Il est donc interdit de réprimer un comportement s’il n’entre pas dans les prévisions d’un texte.
Ainsi, le juge pénal a le droit et le devoir d’examiner la qualification des faits qui lui est soumise. Si elle lui apparaît inexacte, il doit la modifier en vertu de son pouvoir de requalification des faits dont il est saisi.
À cet effet, il ne peut se contenter de prononcer la relaxe d’un prévenu sur la qualification initialement retenue sans pour autant vérifier que les faits ne constituent pas une autre infraction [3].
Le pouvoir de requalification du juge pénal est toutefois limité par les droits de la défense.
Tout d’abord, le juge pourra avoir recours à la requalification des faits dont il est saisi sans en informer préalablement le prévenu :
- S’il décide d’abandonner une circonstance aggravante [4]
- Quand il requalifie un délit en contravention. L’article 466 du Code de procédure pénale dispose que
« Si le tribunal régulièrement saisi d’un fait qualifié délit par la loi, estime, au résultat des débats, que ce fait ne constitue qu’une contravention, il prononce la peine et statue, s’il y a lieu, sur l’action civile ».
Dans ces deux situations, la requalification des faits est favorable au prévenu, ce qui justifie l’atteinte aux droits de la défense.
Enfin, le juge pourra procéder à la requalification des faits à condition de recueillir les observations du prévenu, lorsqu’il procède seulement à un changement d’appréciation de la qualification. Par exemple, lorsqu’il requalifie un usage de stupéfiants en détention de stupéfiants, une banqueroute en abus de biens sociaux ou encore un abus de faiblesse en extorsion de fonds.

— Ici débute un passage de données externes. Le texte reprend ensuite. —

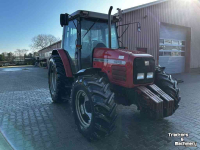 Tractor / Trekker Massey Ferguson 4245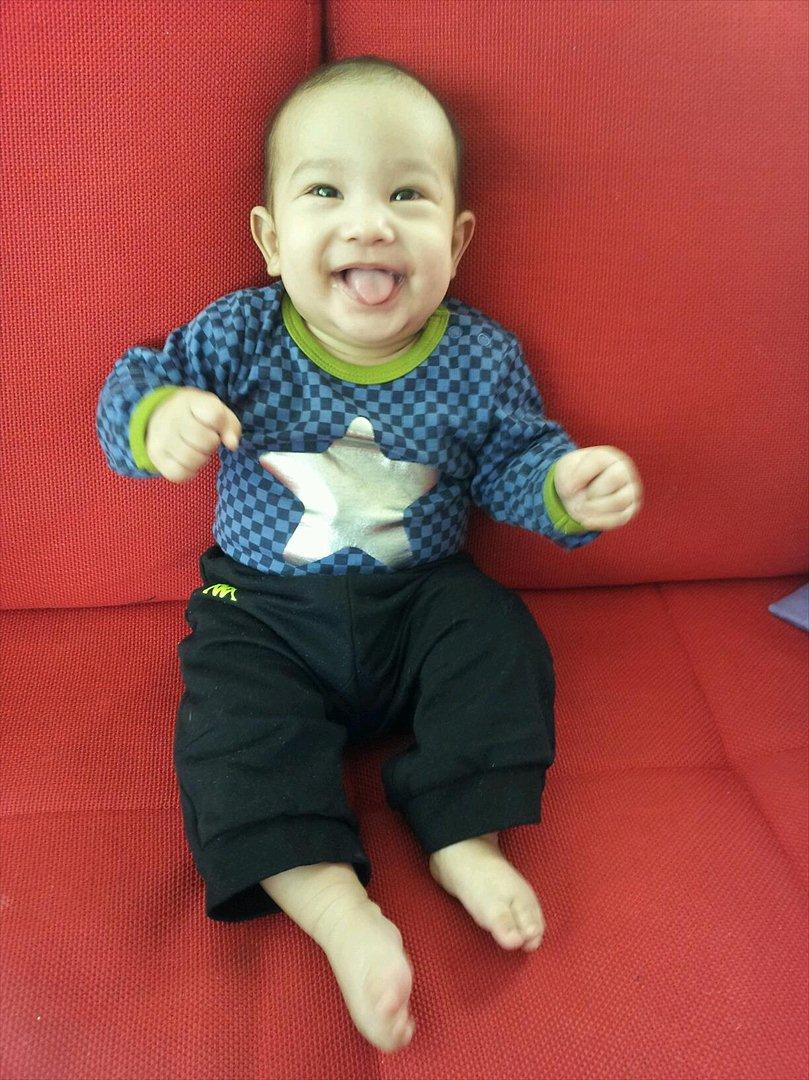 Dreng Jamie billede 11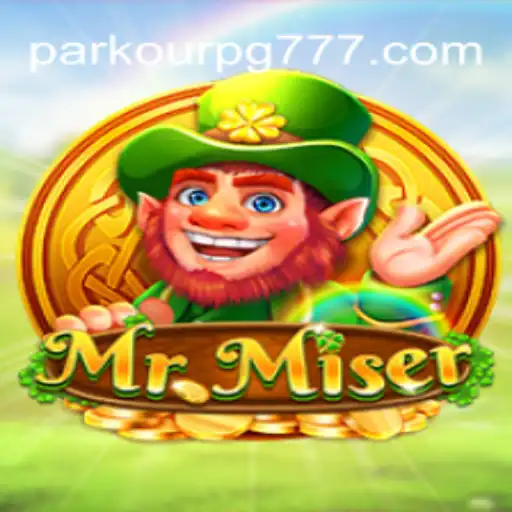 Mastering MrMiser: The Ultimate PARKOUR PG Online Cassino Experience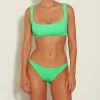 Hunza G Bikini Sets | Bralette-Xandra Bikini -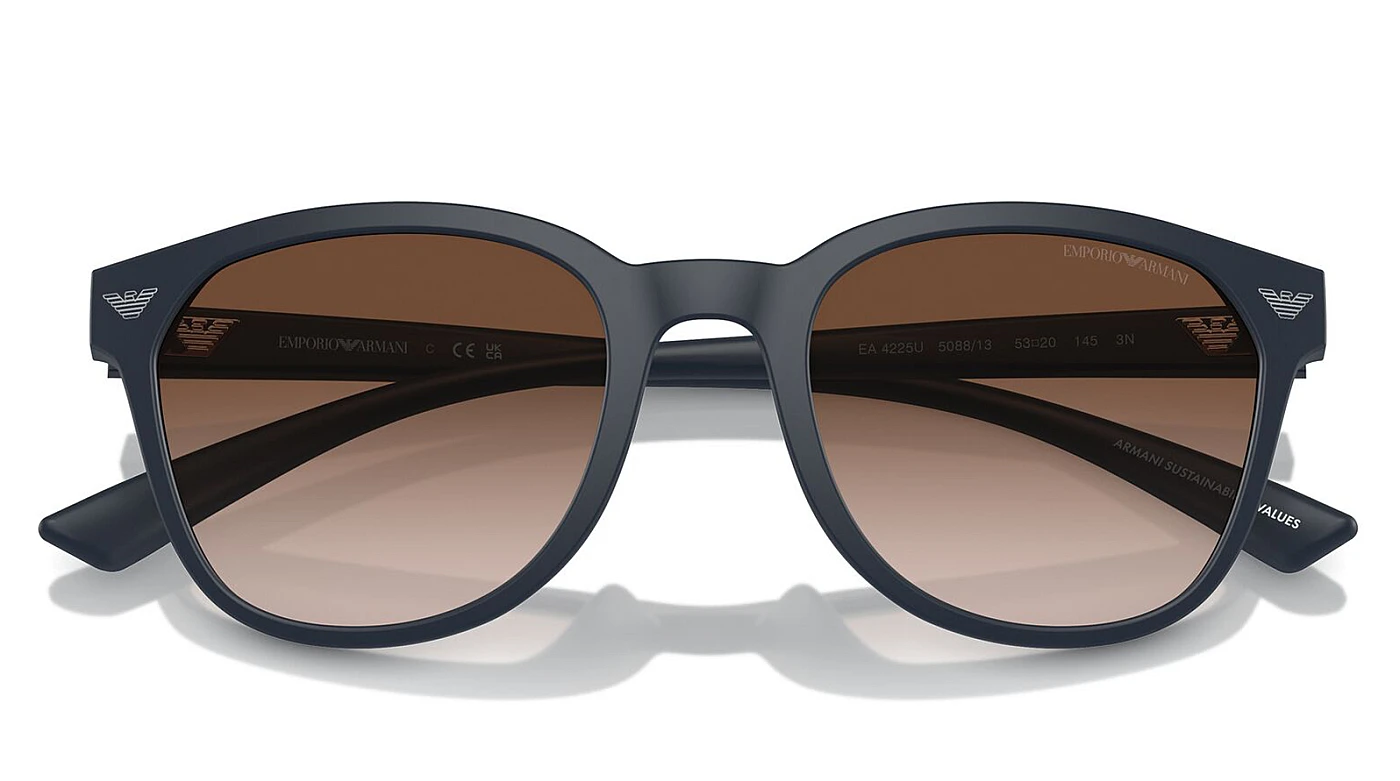 Солнцезащитные очки Emporio Armani 4225U 508813 фото 4
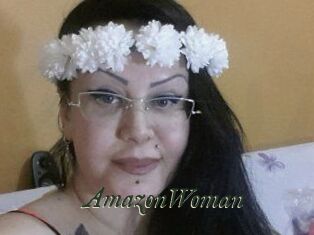 Amazon_Woman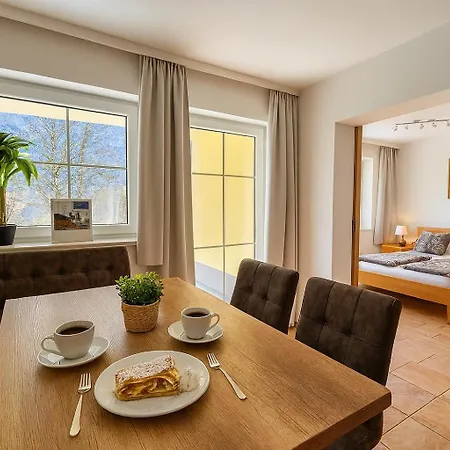 Appartementhaus Goritschnig *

Le 16 mai 2007, la Cour de cassation a rappelé que si les juges doivent restituer aux faits leur véritable qualification, c’est à la condition que le prévenu ait été mis en mesure de se défendre sur la nouvelle qualification envisagée [5].
Dans cette dernière hypothèse, le juge requalifie des faits dont il est déjà saisi et non des faits nouveaux.